__BRIEF__
Exactly the lines below, starting with the one containing "Thermal relay design" and going on through the one containing "How to Use Trendline", must be reproduced, both ends included, and no pictures with them.

__DATASET CONTENT__
+++

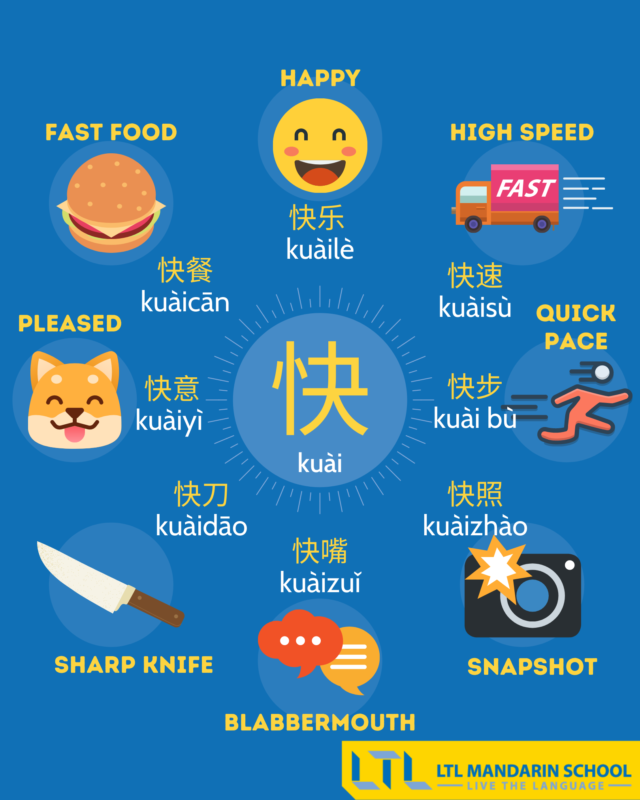 Chinese Words - Learn Chinese Characters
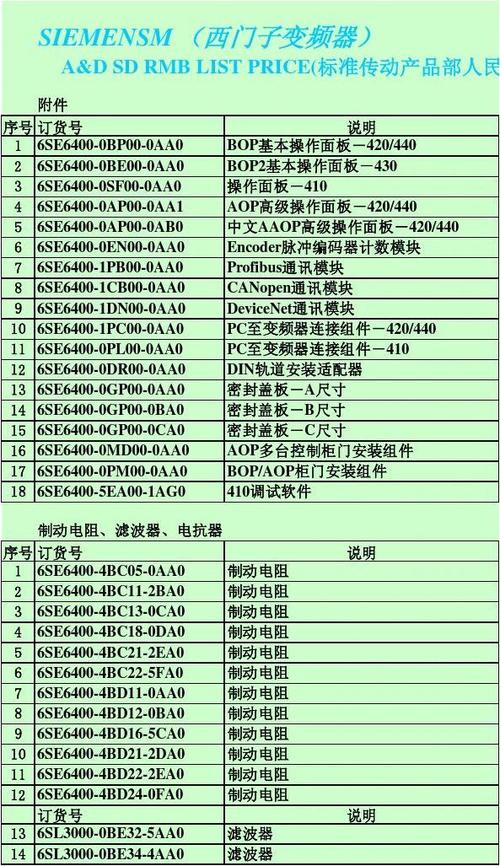 變頻器伺服電機維修業(yè)務(wù)價格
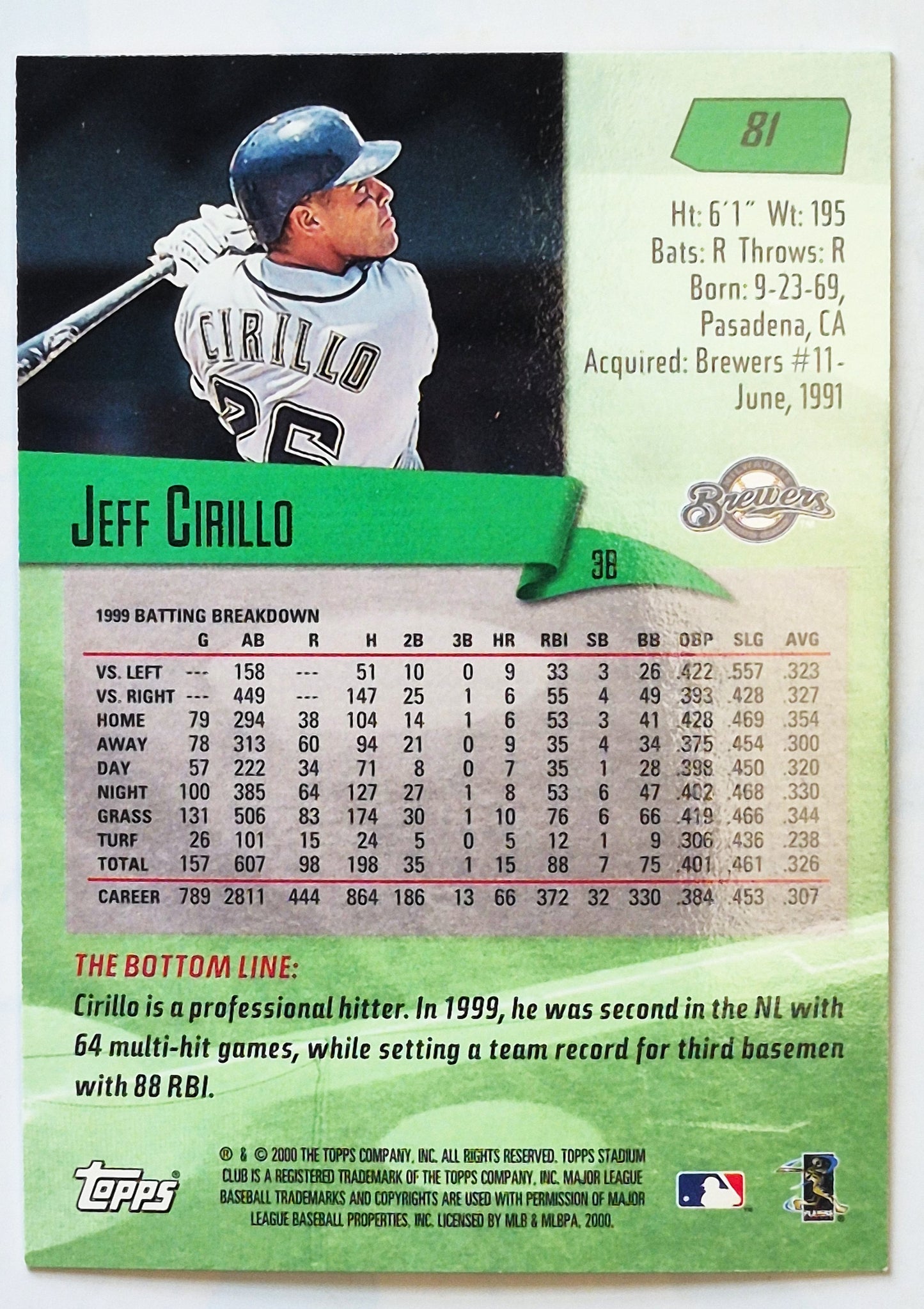 Cirillo Jeff Milwaukee Brewers 3rd Base #81 Topps Stadium Club 2000  Baseball Card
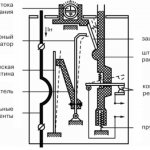 Thermal relay design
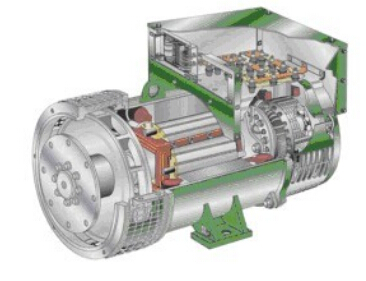 科尔沁左翼中发电机内部结构图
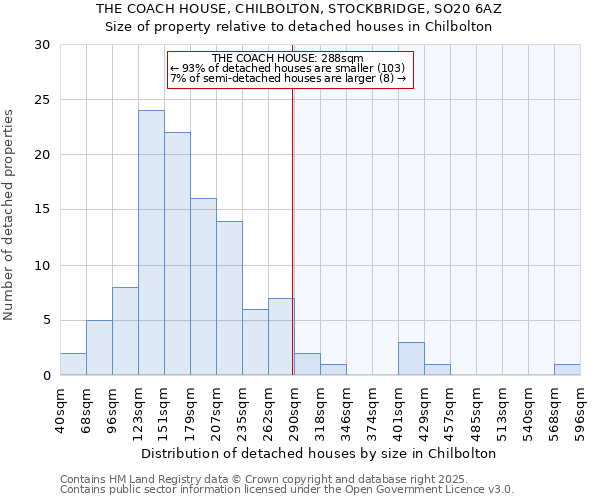 THE COACH HOUSE, CHILBOLTON, STOCKBRIDGE, SO20 6AZ: Size of property relative to detached houses houses in Chilbolton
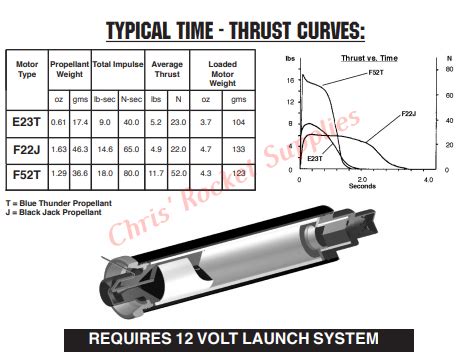 Aerotech F52-5T Rocket Motor Reload Kit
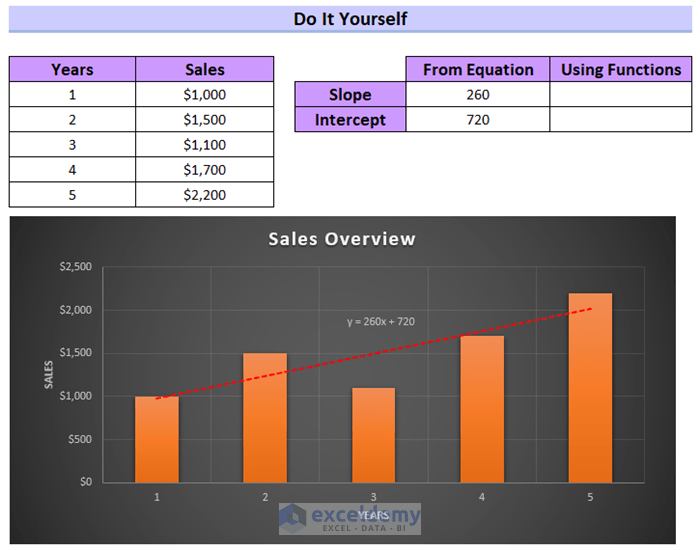 How to Use Trendline Equation in Excel (8 Suitable Examples)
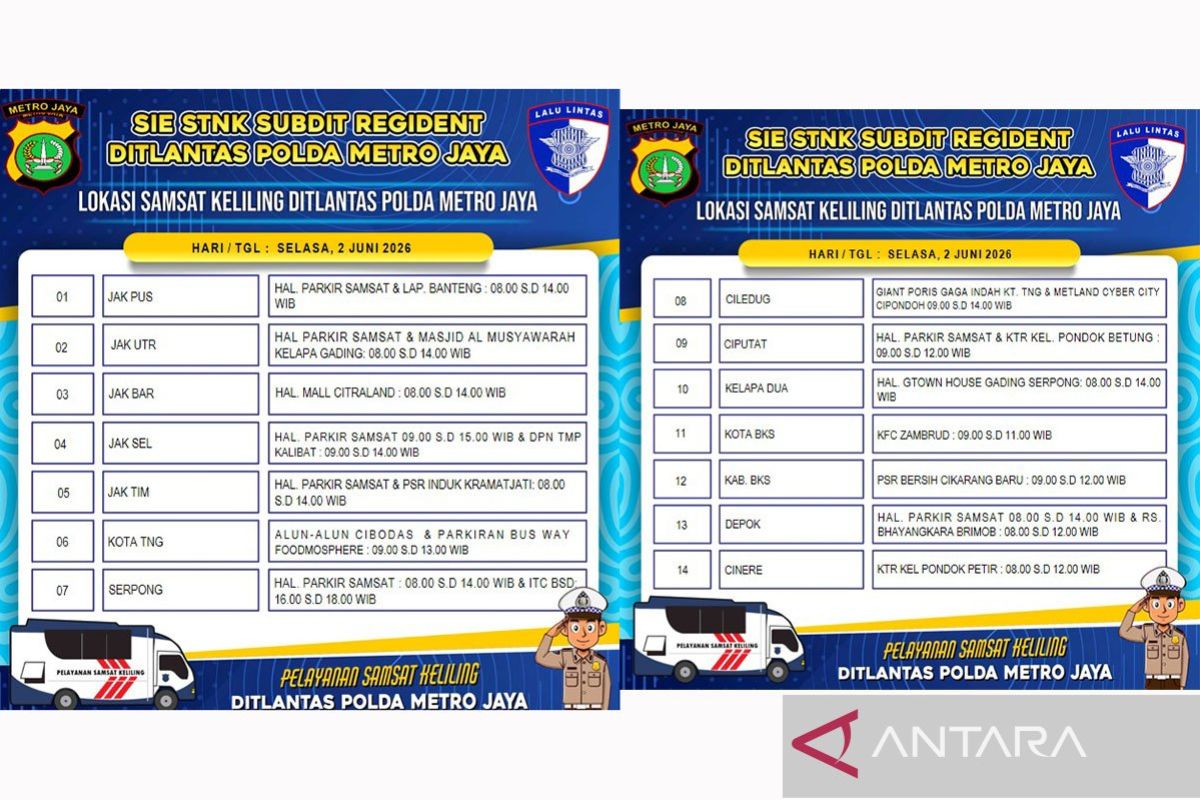 Visit Agenda: Gerai Samsat Keliling tersedia di 14 lokasi Jadetabek pada Selasa
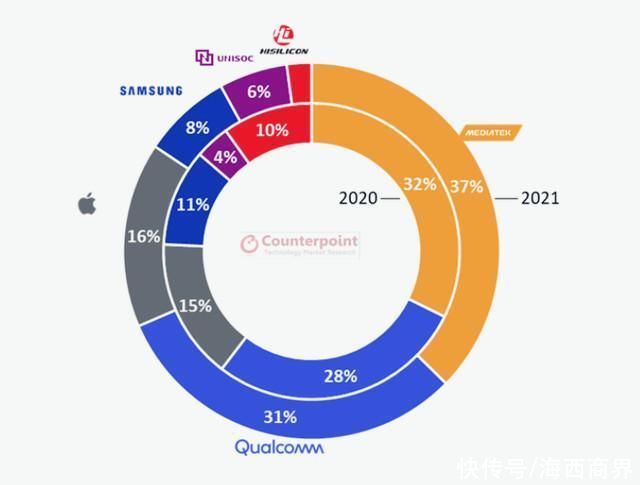 高通|十年屡败屡战，全球第一的联发科，为何还是不够高端？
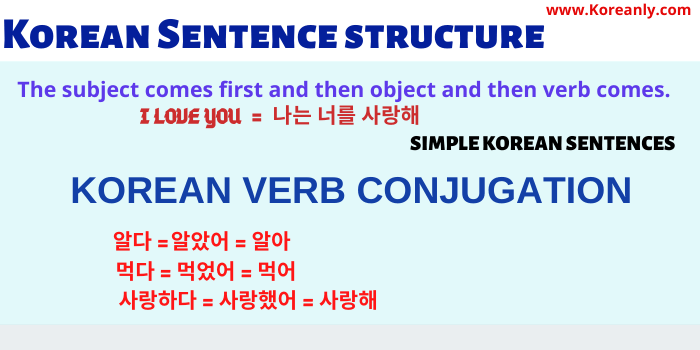 Korean sentences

+++

__RESPONSE BOX__
 Thermal relay design
 科尔沁左翼中发电机内部结构图
 THE COACH HOUSE, CHILBOLTON, STOCKBRIDGE, SO20 6AZ: Size of property relative to detached houses houses in Chilbolton
 Aerotech F52-5T Rocket Motor Reload Kit
 How to Use Trendline Equation in Excel (8 Suitable Examples)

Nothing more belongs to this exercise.